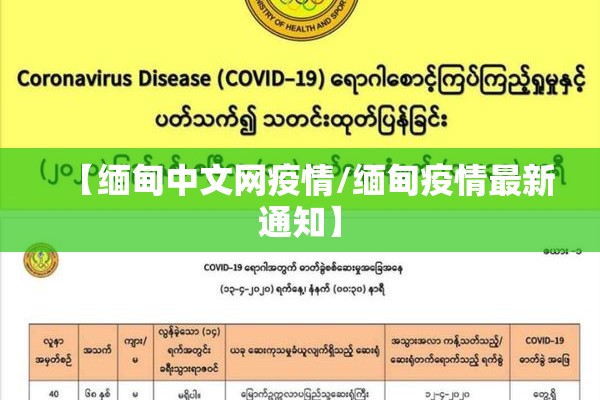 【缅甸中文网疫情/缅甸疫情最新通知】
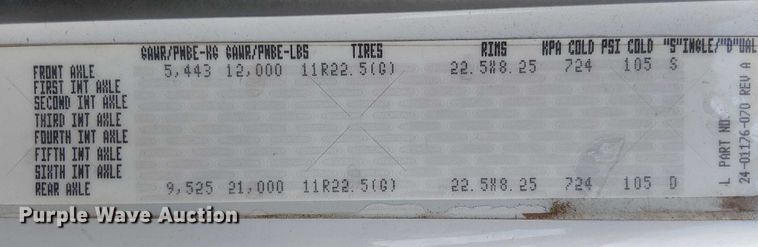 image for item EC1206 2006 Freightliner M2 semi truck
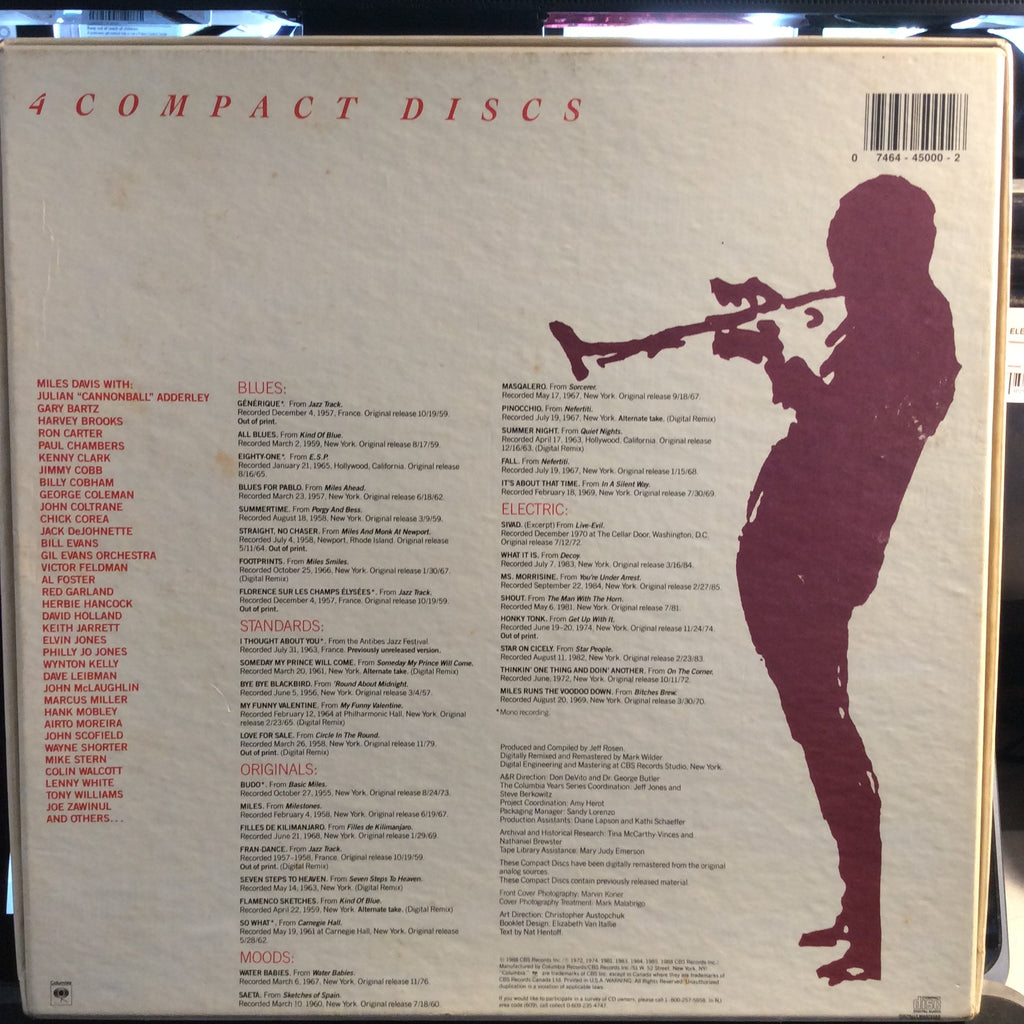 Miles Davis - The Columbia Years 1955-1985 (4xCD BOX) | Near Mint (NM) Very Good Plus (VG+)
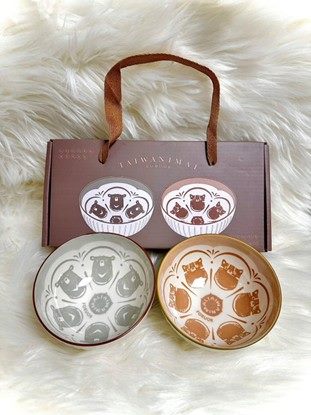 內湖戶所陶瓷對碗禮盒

◆ What is needed
Repeat the listing above exactly, omitting the pictures it contains.

◆ Solution to the problem
 【缅甸中文网疫情/缅甸疫情最新通知】
 image for item EC1206 2006 Freightliner M2 semi truck
 Miles Davis - The Columbia Years 1955-1985 (4xCD BOX) | Near Mint (NM) Very Good Plus (VG+)
 內湖戶所陶瓷對碗禮盒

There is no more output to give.